De acordo com Luana, o debate necessário é o que pode trazer soluções. "Precisamos desenvolver soluções, estratégias claras adaptadas ao nosso povo, ajudar o gestor a conseguir os resultados que ele precisa, porque desses resultados dependemos todos nós. E, ao invés disso, ficamos aqui discutindo algo que é ponto pacificado para o mundo inteiro. Esse é o perigo da nossa fragilidade e arrogância."
Luana retruca senador
"Eu reconheço o sacrifício e o esforço de todos os meus colegas, mas infelizmente, também reconheço a falta de informação que eles têm para embasar esse tipo de situação", respondeu Luana ao senador Eduardo Girão (Pode-CE) durante depoimento à Comissão Parlamentar de Inquérito da Covid no Senado.
Segundo a médica, no início da pandemia era natural que as autoridades envolvidas no combate à pandemia tenha buscado alternativas para o tratamento de pacientes acometidos pela covid-19, porém condena que, "depois de um anos de pandemia, de evidências acumuladas, dezenas de revisões sistemáticas e estudos bem-feitos", insistam em "algo que não tem valor e pode vulnerabilizar as pessoas".
"Com muita dor, devo dizer que os meus colegas médicos não estão com o embasamento correto para responder sobre isso uso de medicamentos para o tratamento precoce", completou Luana.

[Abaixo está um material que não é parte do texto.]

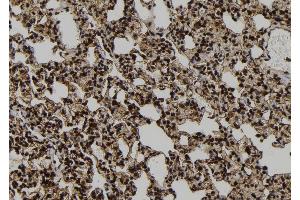 ABIN6272551 at 1/100 staining Rat lung tissue by IHC-P. (PPP1R9B antibody  (C-Term))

"O profissional tem direito de prescrever se ele quiser, mas ele precisa ser responsabilizado - e isso é para qualquer circunstância - sobre os resultados daquilo que ele faz. Se eu prescrevo qualquer coisa para o meu paciente e ele fica bom, digo que sou o máximo. Mas se ele morre, foi porque Deus quis. E não pode ser assim", argumentou Luana.